Variable-Length Audio Fingerprinting
Source: arXiv:2603.23947v1
Announcement Type: Cross
Abstract: Audio fingerprinting converts audio to much lower-dimensional representations, allowing distorted recordings to still be recognized as their originals through similar fingerprints. Existing deep learning approaches rigidly fingerprint fixed-length audio segments, thereby neglecting temporal dynamics during segmentation. To address limitations due to this rigidity, we propose Variable-Length Audio FingerPrinting (VLAFP), a novel method that supports variable-length fingerprinting. To the best of our knowledge, VLAFP is the first deep audio fingerprinting model capable of processing audio of variable length, for both training and testing. Our experiments show that VLAFP outperforms existing state-of-the-arts in live audio identification and audio retrieval across three real-world datasets.
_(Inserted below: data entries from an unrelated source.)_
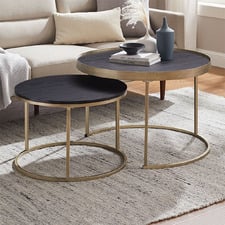 2 Piece Gaia Nesting Coffee Table Set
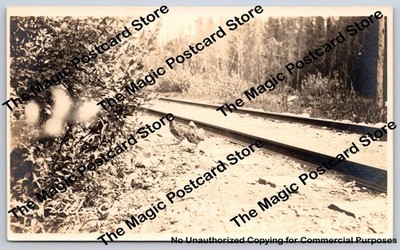 Spruce Hens Birds on Railroad Tracks RPPC Antique Farm Bird Train Photo ~1910s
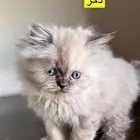 للبيع قطط هملايا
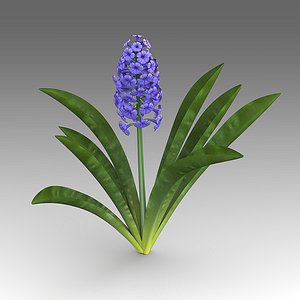 hyacinthus flowers fbx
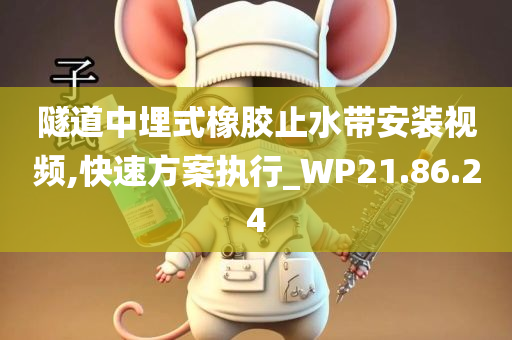 隧道中埋式橡胶止水带安装视频,快速方案执行_WP21.86.24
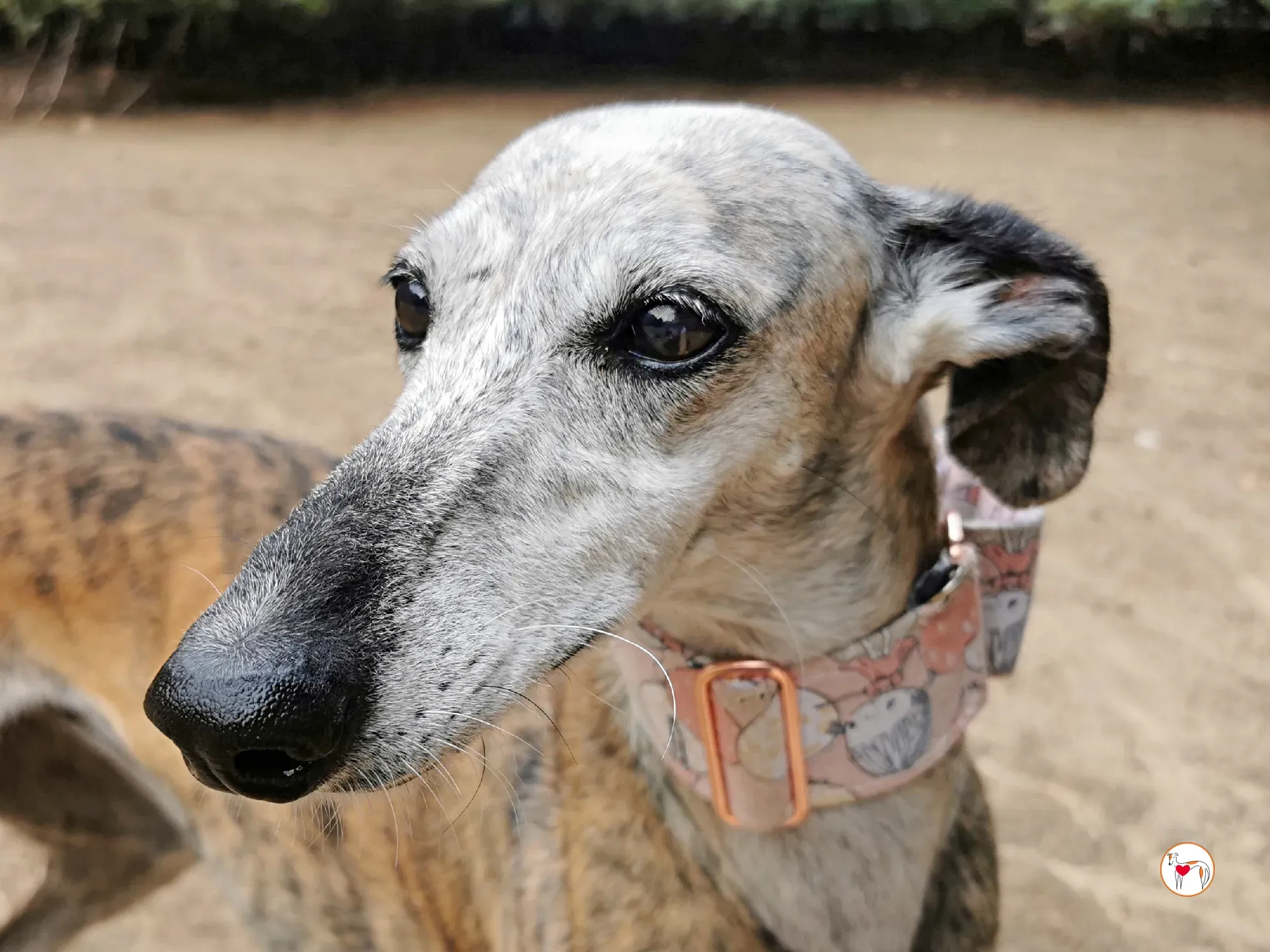 asia galgo adozione 04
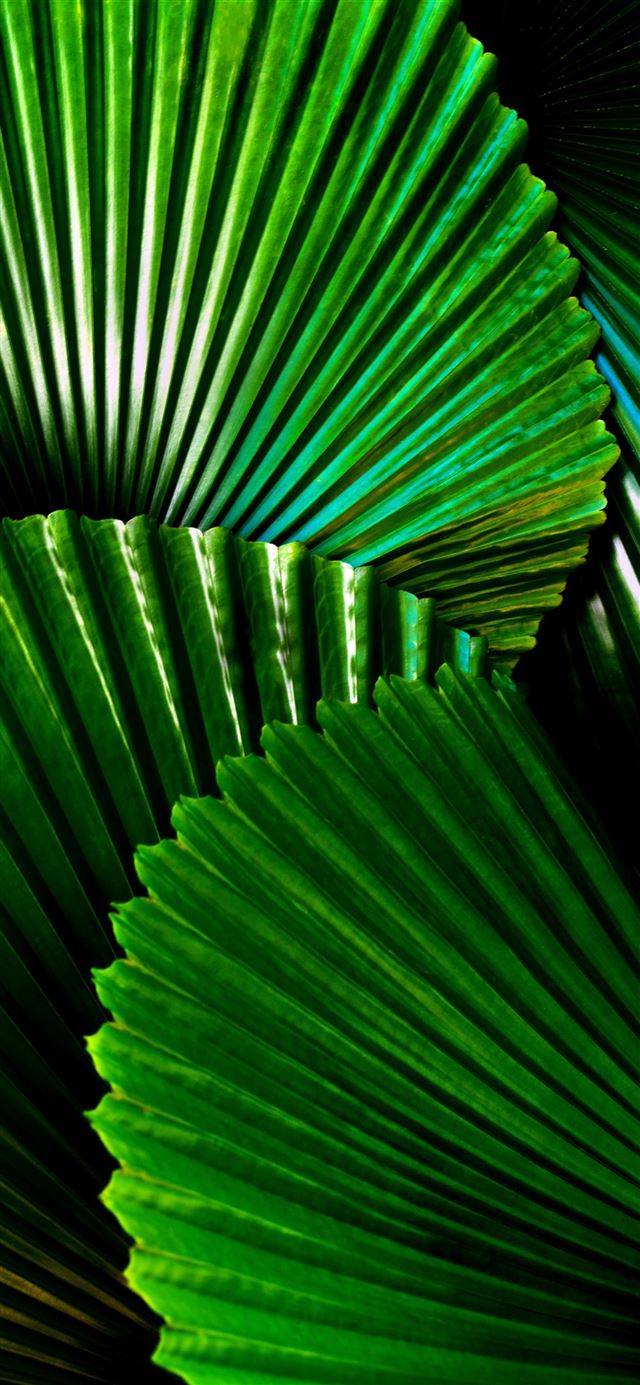 1125x2436 green leafed plant - jungle iPhone 11 Wallpaper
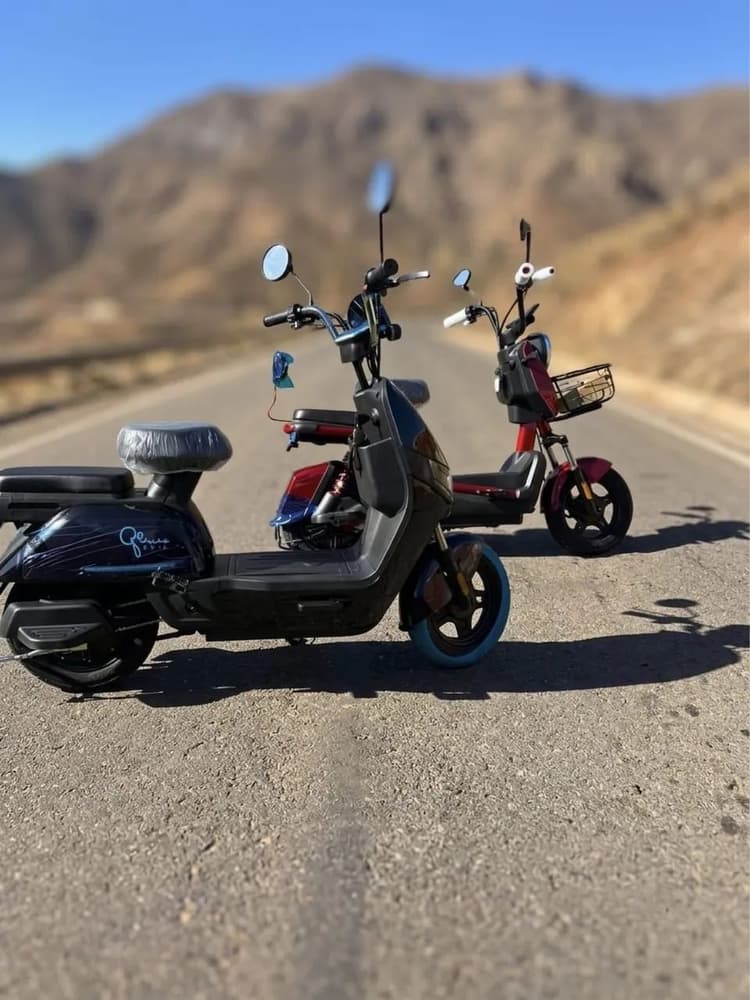 Moto elétrica 1000 watts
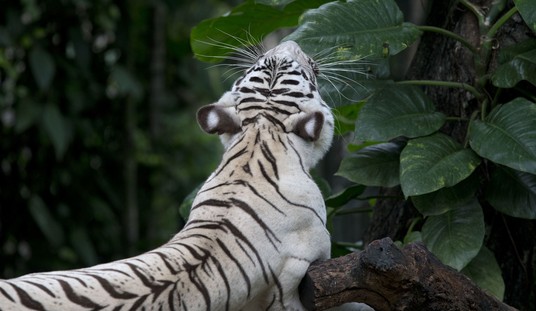 'Don't Try This At Home': Tiger Kills Man Who Illegally Enters His Cage At Wildlife Park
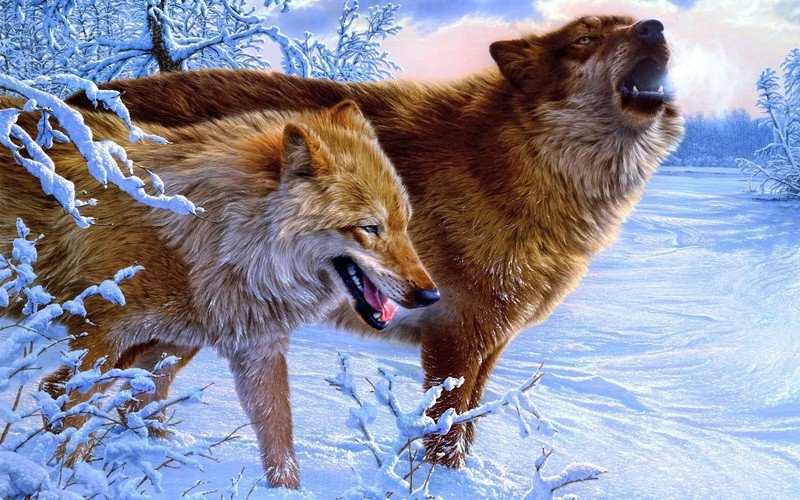 волки пара -1 - красота, мираж, картина, природа, хищник, волк - оригинал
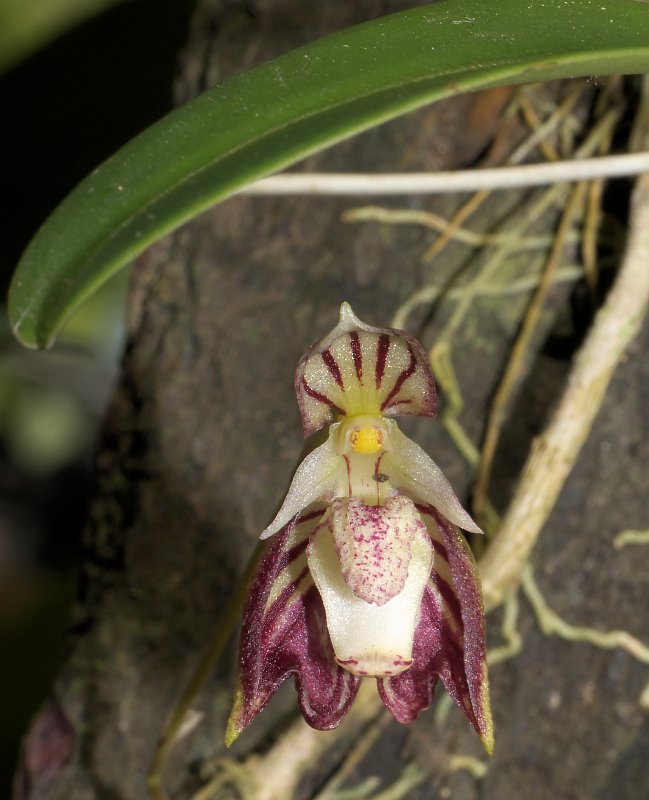 Januar-Treff des Orchideenvereins Chiang Mai P1500873
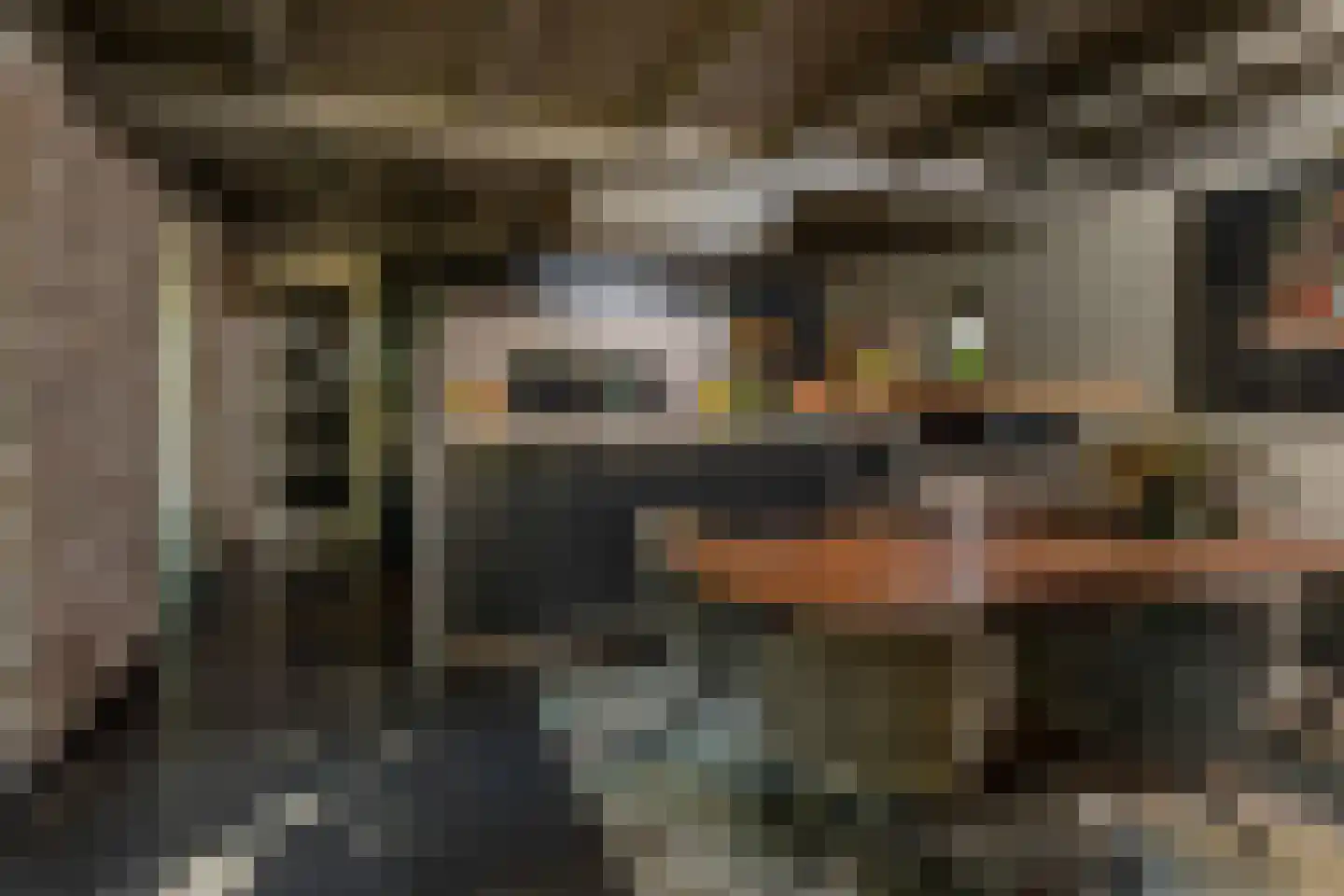 Oude Nijkerkerweg 3 Putten thumbnail 42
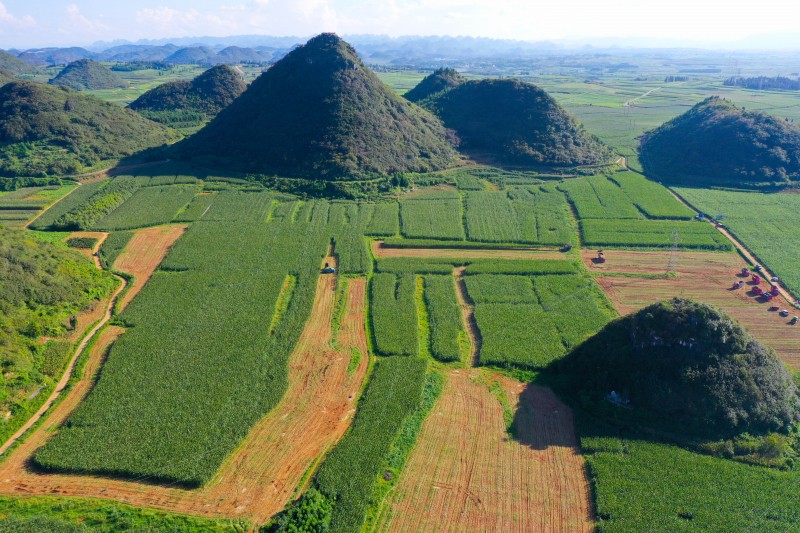 1630914062853434.jpg 微信图片_20210905223257.jpg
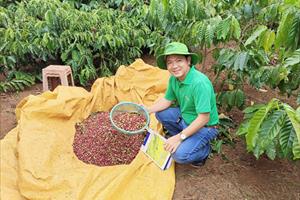 Người trồng cà phê ở Tây Nguyên: Nơm nớp nỗi lo cà phê tặc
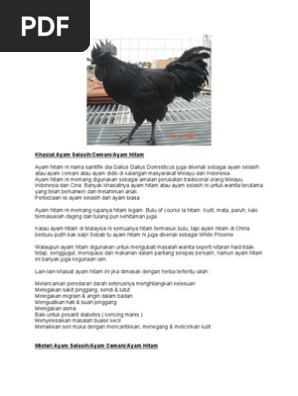 Khasiat Ayam Selasih Pdf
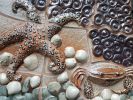 starfish and crab | Tiles by Connie Glover Pottery. Item made of stone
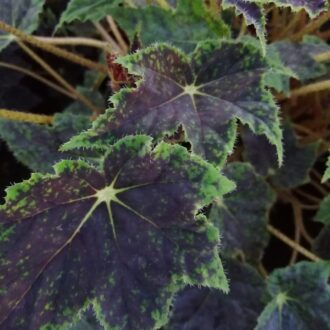 Begonia 'Burgundy velvet'
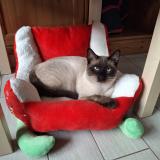 Foto del gato perdido en Nesle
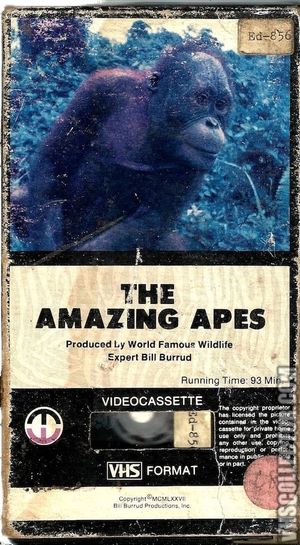 The Amazing Apes's poster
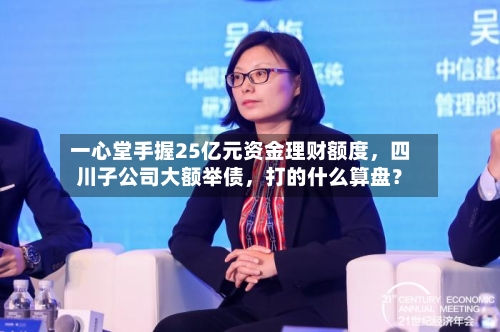一心堂手握25亿元资金理财额度，四川子公司大额举债，打的什么算盘？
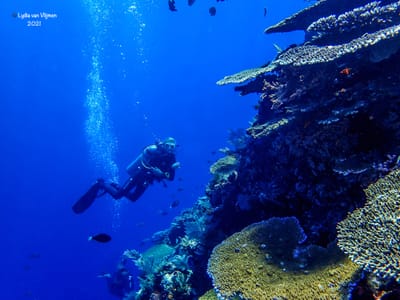 5-Days Fun Diving Komodo National Park &amp; Rinca Dragon Tour image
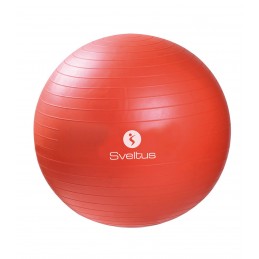 GYMBALL DIAM : 55 CM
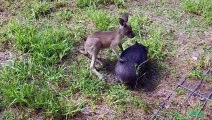 Baby Wombat and Kangaroo are BFFs!    Oddest Animal Friendships   Love Nature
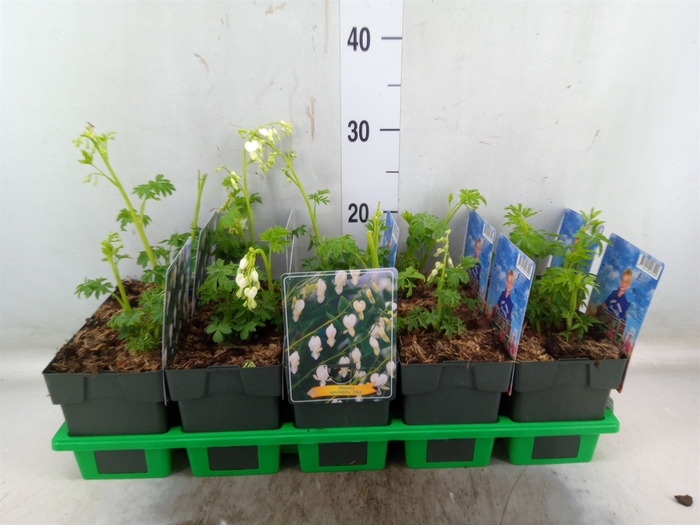 <h4>Dicentra spectabilis 'Alba'</h4>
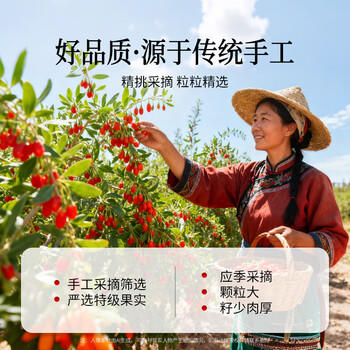 同仁堂品牌 北京同仁堂特级红枸杞子500克正宗宁夏特产枸记养生茶送长辈 商品图7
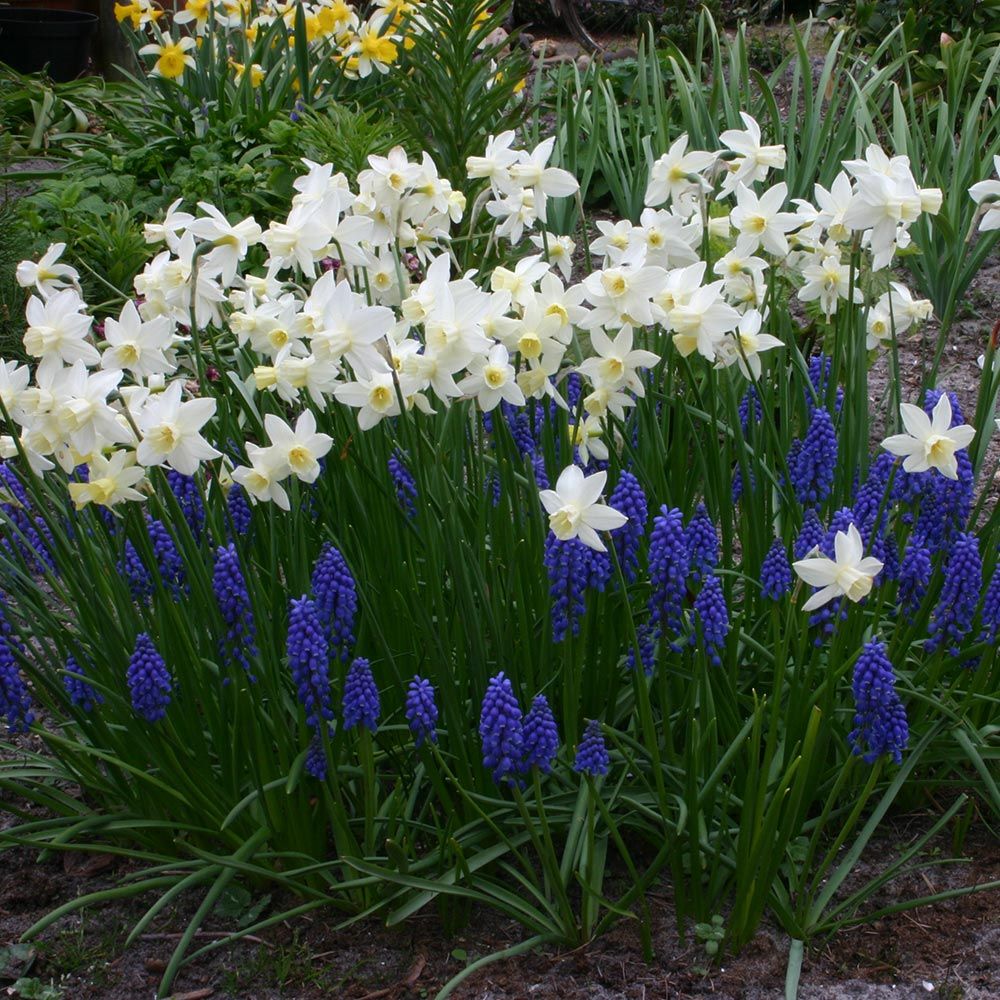 Van Zyverden 75ct Bulbs Tulips Muscari Chionodoxa Early Spring Bulb Garden Set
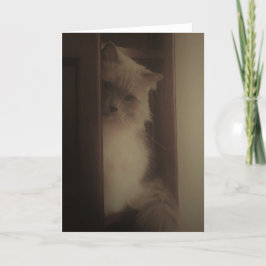 Ragdoll Katze Karte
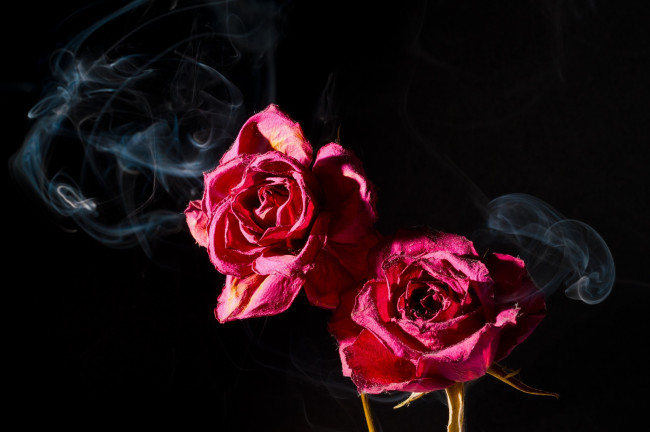 Обои картинки фото цветы, розы, лепестки, дым, две, розовый, макро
Introduction to Audio Fingerprinting
Audio fingerprinting is a technology that enables the identification of audio content by converting it into a compact representation. This process is crucial for various applications, including music identification, copyright enforcement, and content-based audio retrieval.
The Challenge of Fixed-Length Segmentation
Traditional audio fingerprinting methods rely on fixed-length segments of audio, which may overlook the nuances of temporal dynamics in sound. This rigidity can hinder the performance of these systems, particularly in real-world scenarios where audio content can vary significantly in length and quality.
Introducing VLAFP
The Variable-Length Audio FingerPrinting (VLAFP) method addresses these limitations by allowing for variable-length audio segments to be fingerprinted. This flexibility not only enhances the model’s adaptability to different types of audio but also improves its robustness in recognizing distorted or altered audio recordings.
Key Features of VLAFP
- Variable-Length Processing: Unlike traditional models, VLAFP can handle audio of varying lengths during both the training and testing phases.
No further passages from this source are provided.